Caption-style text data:
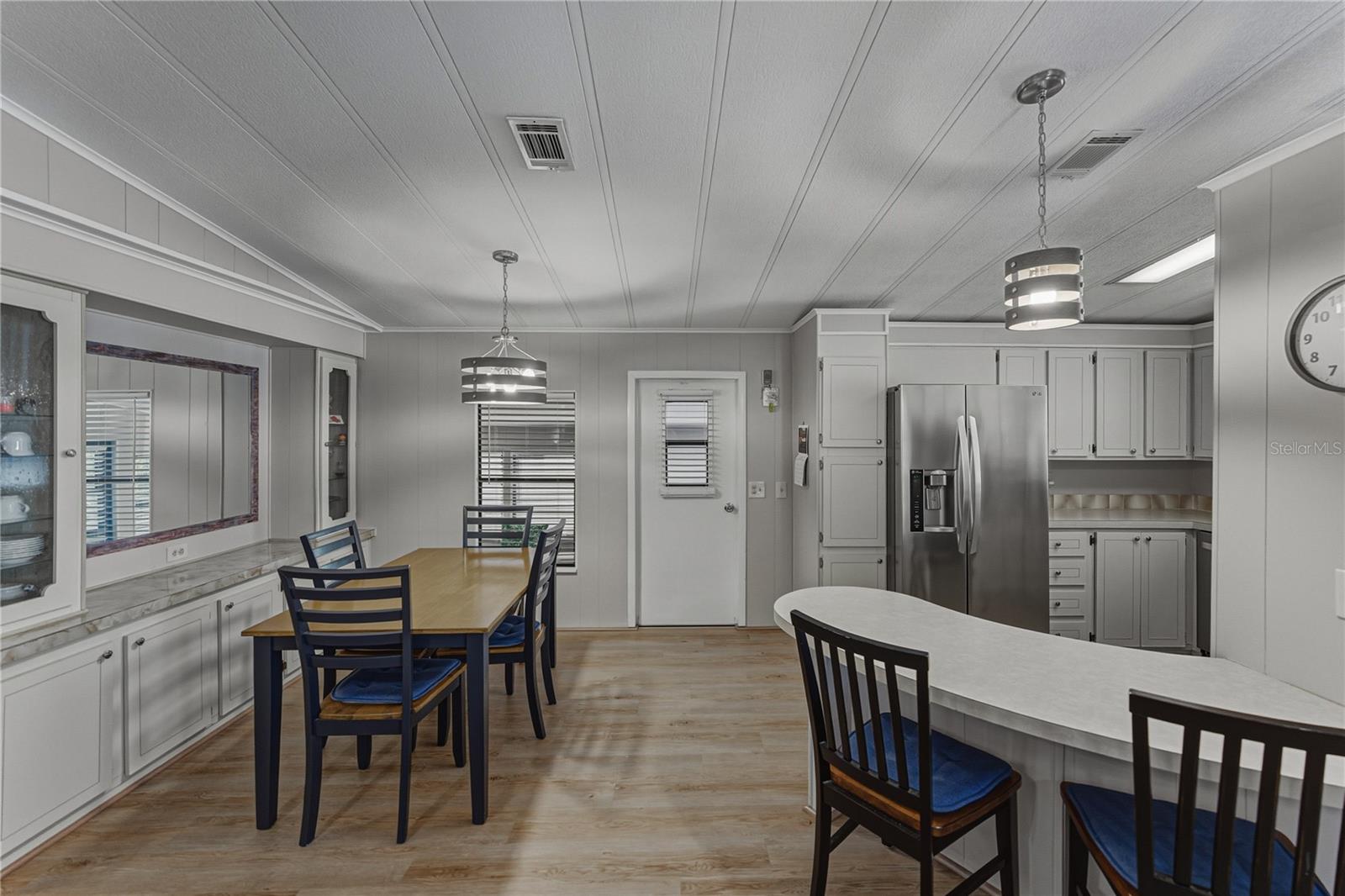 COLONY HILLS COMMUNITY - Residential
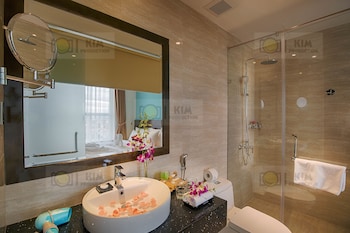 sofia suite hotel danang
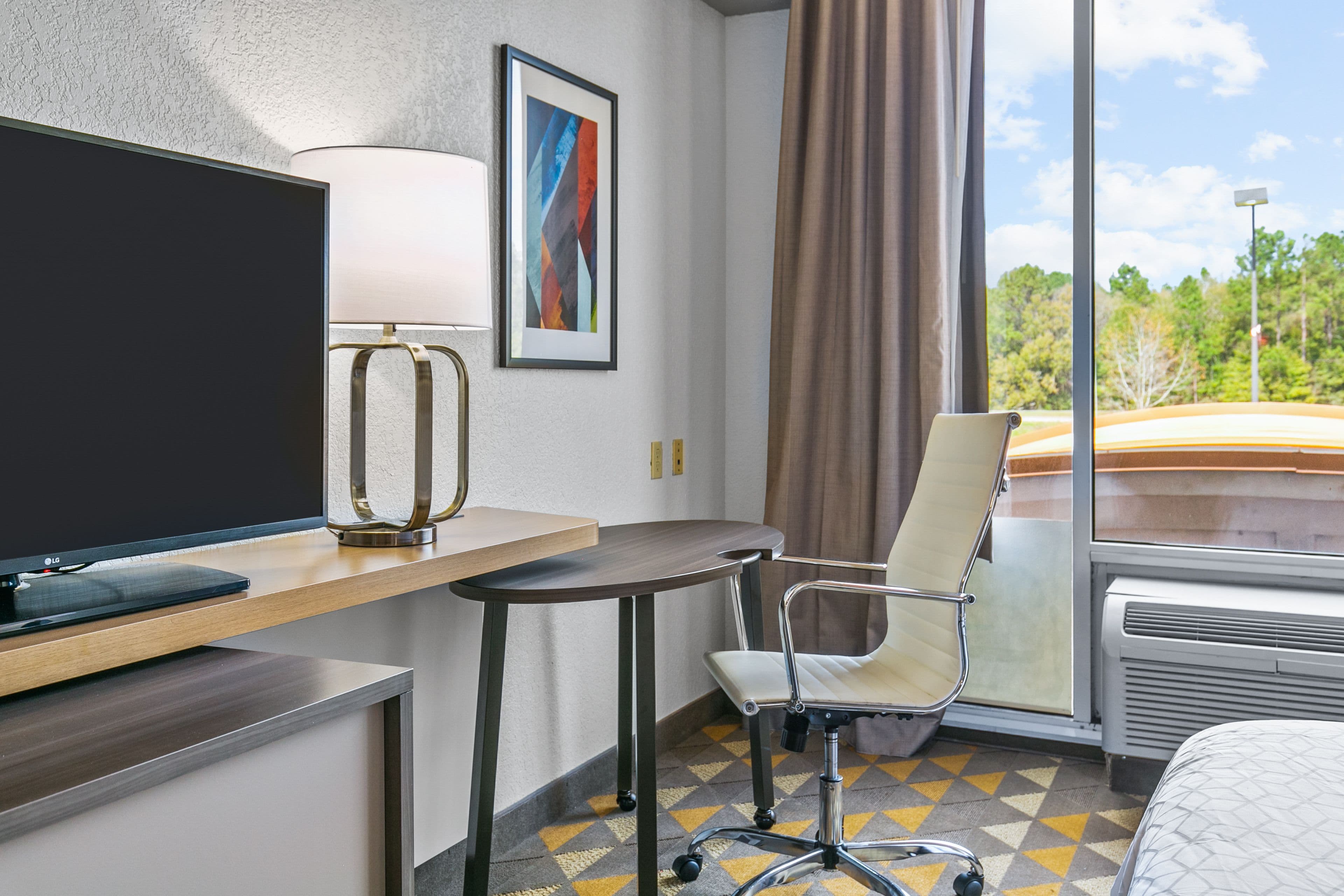 Holiday Inn Lucedale - Image 4
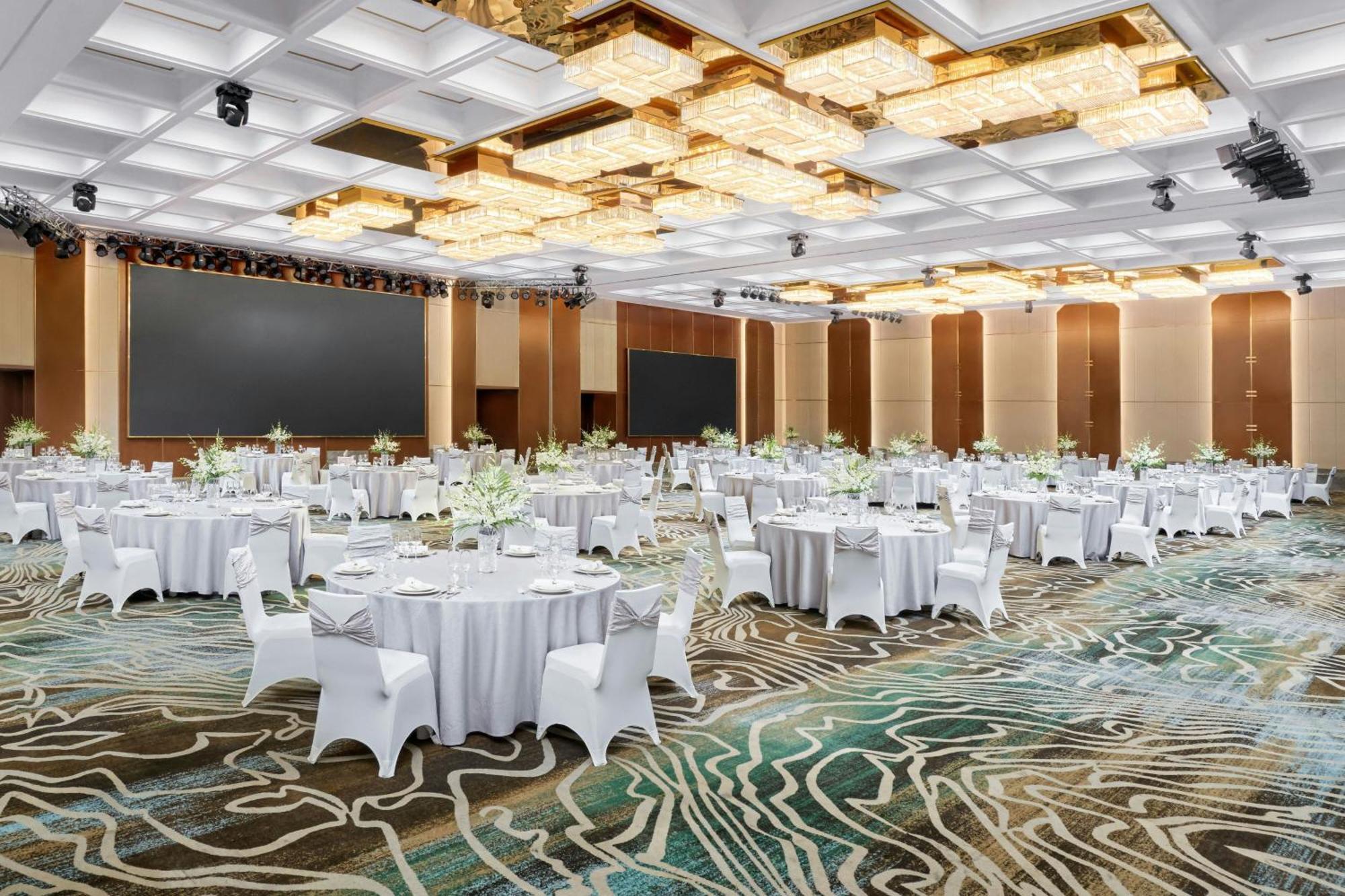 Vinpearl Landmark 81, Autograph Collection Ho Chi Minh City Exterior photo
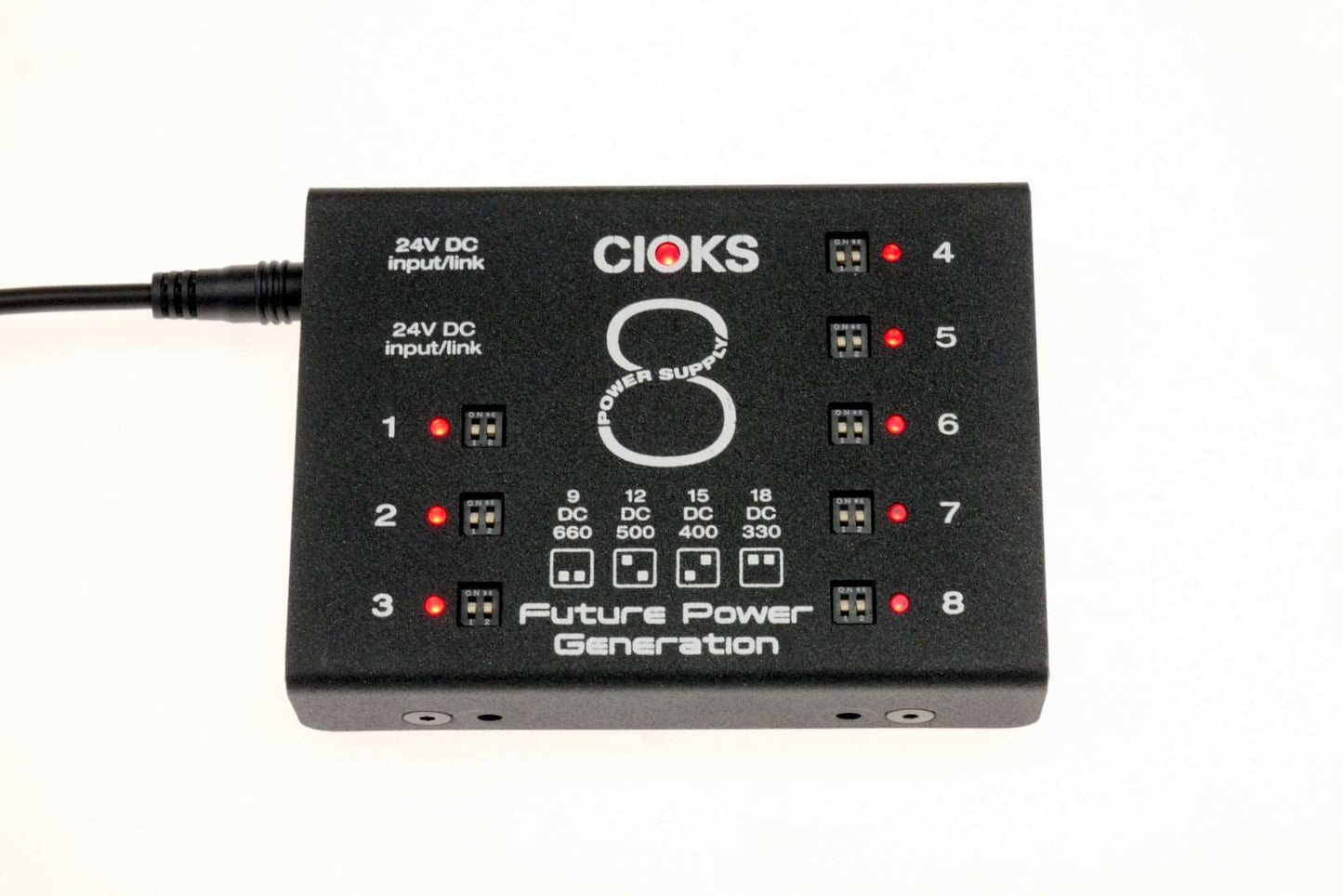 C8e- 8 isolated outputs. Expansion for the DC7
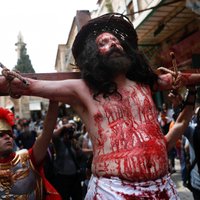 Foto: Jeruzalemē atzīmēta Lielās piektdienas procesija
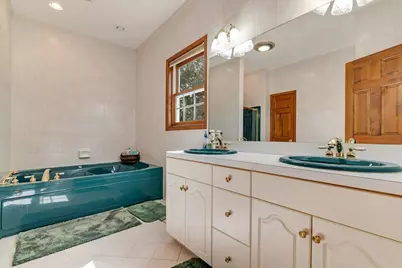  257 Eastshore Drive, East Stroudsburg, PA 18301 - Photo 33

_INSTRUCTIONS TO FOLLOW_
Your copy should hold exactly the lines from the one with "Foto: Jeruzalemē atzīmēta" through the end of the records, both included, and no pictures.

_ANSWER BELOW_
 Foto: Jeruzalemē atzīmēta Lielās piektdienas procesija
  257 Eastshore Drive, East Stroudsburg, PA 18301 - Photo 33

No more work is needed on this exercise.